Summit Carbon Solutions PUC application met with familiar resistance from landowner opposition

Aug. 29—PIERRE, S.D. — As the South Dakota Public Utilities Commission gears up for yet another lengthy set of hearings on a carbon sequestration pipeline, landowner opposition cycles through its playbook in halting the application from moving forward.

Brian Jorde, representing landowners in opposition to the Summit Carbon Solutions' application, said at a PUC meeting on Aug. 29 in Pierre that Summit does not yet have an application guaranteed granted to pass through South Dakota into North Dakota, and since Summit is currently awaiting a reconsideration of their application with North Dakota's Public Service Commission, which has similar authority to South Dakota's PUC, it might be too early to act on the application before the North Dakota re-application is considered.

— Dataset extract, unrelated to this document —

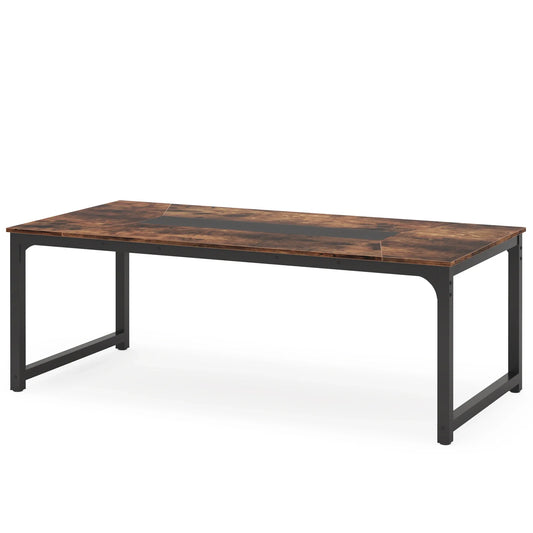 Houten Bureautafel – Werktafel – Eettafel – Vergadertafel – Gametafel – 180 Cm – Waterbestendig – Driehoekige Versteviging - QUORE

"Unfortunately you can't reconsider something that was never considered," Jorde said. "We believe if they intend to move forward they will have to start over which will be a six, seven, or more months process."

Brett Koenecke, of May, Adam, Gerdes & Thompson LLP, representing Summit Carbon Solutions at the meeting, said there is nothing indicating the North Dakota PSC will about-face by denying the company's application.

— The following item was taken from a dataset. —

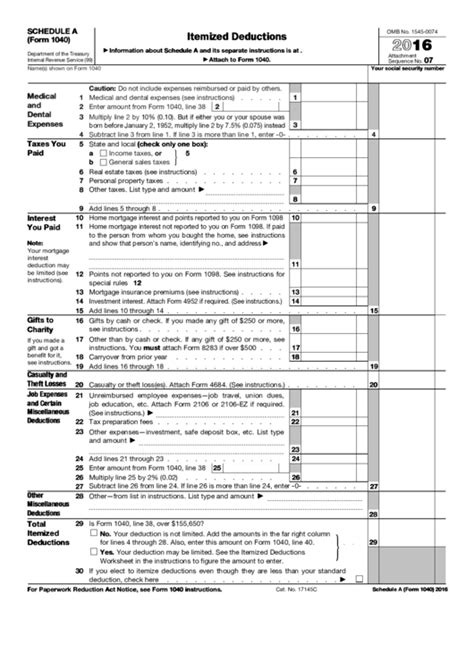 9/2016) this refers to a sum received upon retirement/termination of a contract of employment. Fillable Schedule A (Form 1040) - Itemized Deductions Form ...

"This smacks of some kind of hail-mary attempt to derail the proceedings here in this state," Koenecke said of Jorde's argument.

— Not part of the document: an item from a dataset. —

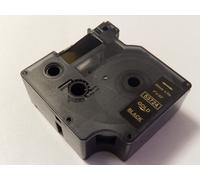 vhbw Ruban compatible avec Dymo LabelWriter Duo, Duo 400, Duo 450 imprimante d'étiquettes 24mm Or sur Noir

PUC staff advised the commissioners that they were not required to grant or deny Jorde's motion, and whether the North Dakota PSC granted or denied the renewed application from Summit would not necessarily impact the decision from the PUC.

Jorde made a request for times certain for witnesses to stand to testify on several days in mid-September, and emphasized that it was important those times certain are set soon to give those witnesses ample time to prepare.

"We're going to have a lot of people," Jorde said. "My attempts are to be as efficient as possible so we don't have downtime in what might be a compressed docket."

Koenecke said it was confusing to keep adding new witnesses "here and there."

"I was sometimes astounded by the pace of the play up here," Koenecke said.

Commissioner Nelson said he appreciated Jorde's interest in wanting to avoid downtime during the hearing, but at the same time there were still other witnesses to testify before his witnesses and after the applicants.

The landowner witnesses, Jorde said, are driving and flying from long distances and it would be prescient of the commission to grant those witnesses to avoid a stall in the hearing.

"If I don't get some dates certain then there would be a lot of downtime," Jorde said.

Jorde said he knows he's going last, but he doesn't know when "last" is. The commissioners were open to that, they said, as long as expert witnesses are coming forward first.

Jorde said the length of the testimony, from expert and non-expert witnesses, will also largely depend on the amount of time the applicants, and the Commission staff, spend cross examining those witnesses.

The application hearings for Summit Carbon Solutions are scheduled to begin mid-September.